• [BRIEF] Images do not belong in the copy. Retype all the entries below exactly.

+++

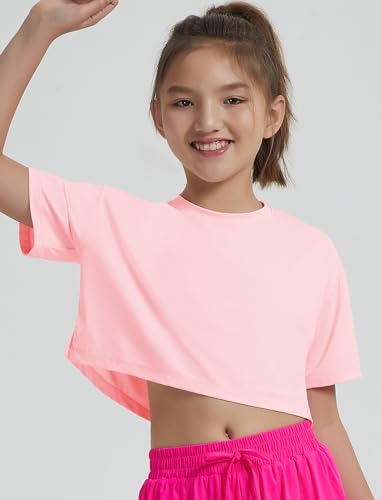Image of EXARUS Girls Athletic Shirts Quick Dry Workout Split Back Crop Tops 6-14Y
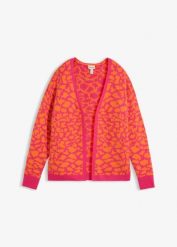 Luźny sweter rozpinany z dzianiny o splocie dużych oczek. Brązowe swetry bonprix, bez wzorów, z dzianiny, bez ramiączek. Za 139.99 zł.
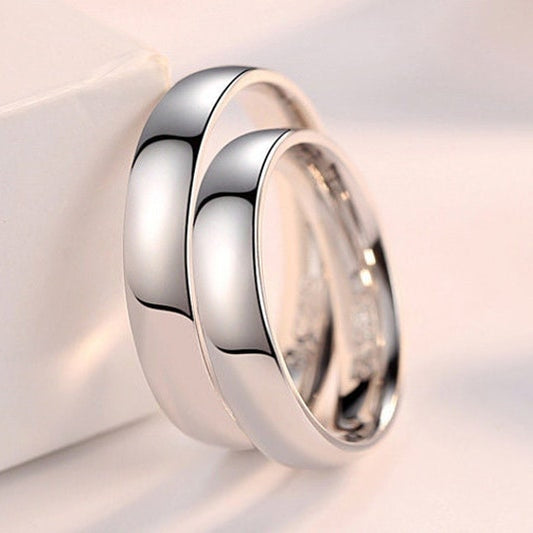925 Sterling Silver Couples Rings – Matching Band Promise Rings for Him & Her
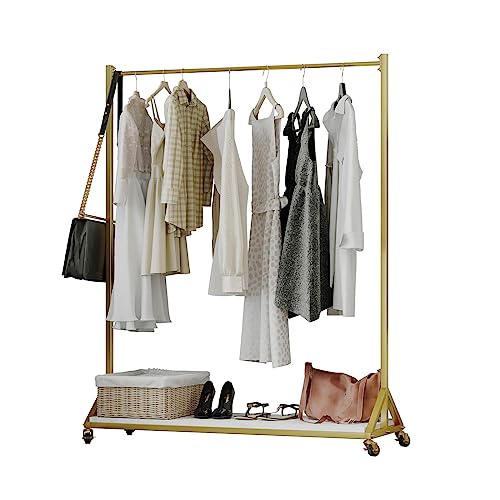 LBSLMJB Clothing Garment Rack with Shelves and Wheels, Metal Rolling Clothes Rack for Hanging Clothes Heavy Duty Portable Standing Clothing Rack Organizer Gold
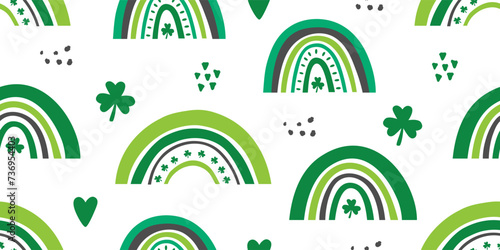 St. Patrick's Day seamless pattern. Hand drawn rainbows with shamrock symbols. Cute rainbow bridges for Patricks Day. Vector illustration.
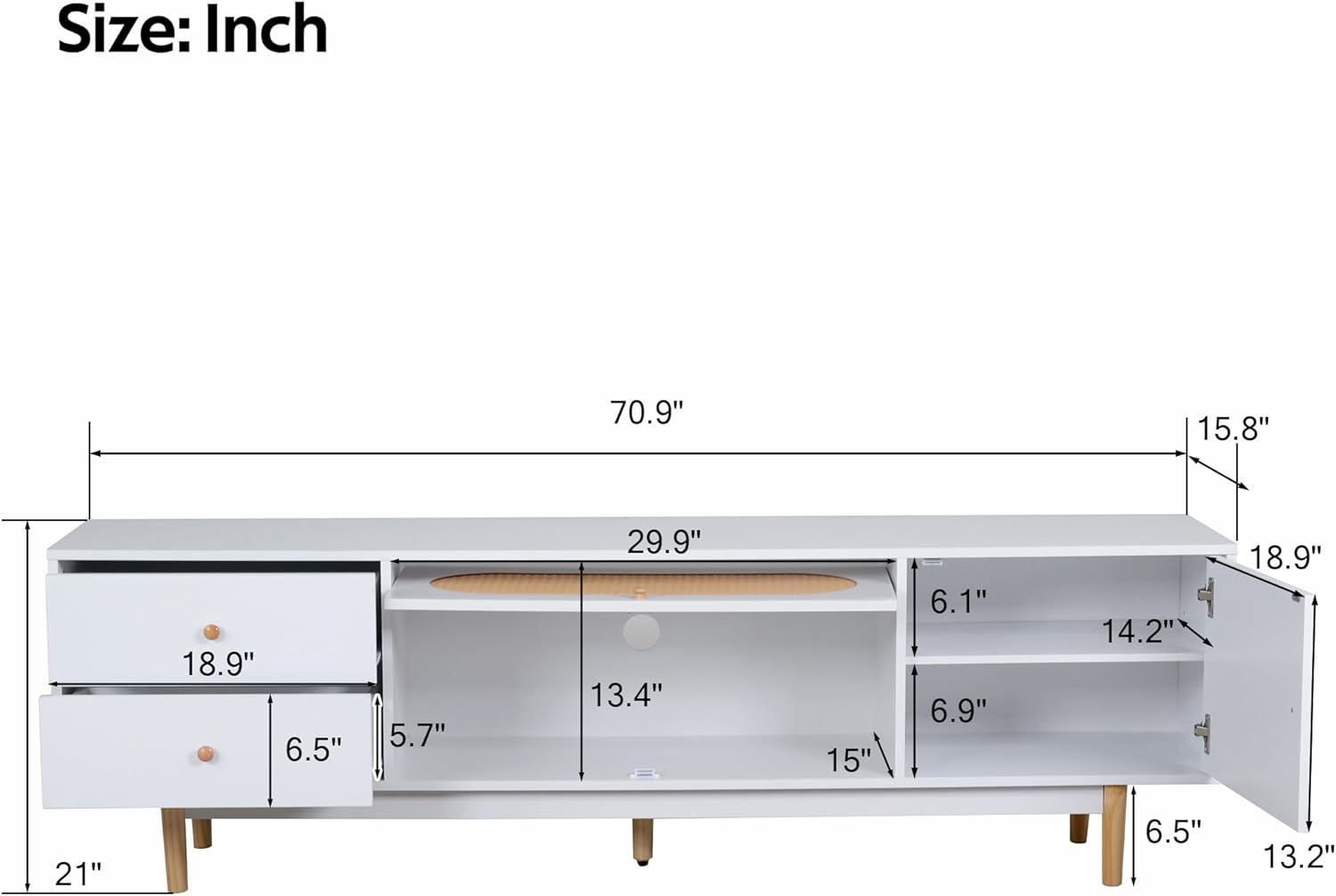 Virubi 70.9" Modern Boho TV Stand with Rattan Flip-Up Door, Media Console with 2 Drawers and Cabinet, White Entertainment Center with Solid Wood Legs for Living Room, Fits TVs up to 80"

+++

• [SOLUTION]
Image of EXARUS Girls Athletic Shirts Quick Dry Workout Split Back Crop Tops 6-14Y
 Luźny sweter rozpinany z dzianiny o splocie dużych oczek. Brązowe swetry bonprix, bez wzorów, z dzianiny, bez ramiączek. Za 139.99 zł.
925 Sterling Silver Couples Rings – Matching Band Promise Rings for Him & Her
 LBSLMJB Clothing Garment Rack with Shelves and Wheels, Metal Rolling Clothes Rack for Hanging Clothes Heavy Duty Portable Standing Clothing Rack Organizer Gold
 St. Patrick's Day seamless pattern. Hand drawn rainbows with shamrock symbols. Cute rainbow bridges for Patricks Day. Vector illustration.
 Virubi 70.9" Modern Boho TV Stand with Rattan Flip-Up Door, Media Console with 2 Drawers and Cabinet, White Entertainment Center with Solid Wood Legs for Living Room, Fits TVs up to 80"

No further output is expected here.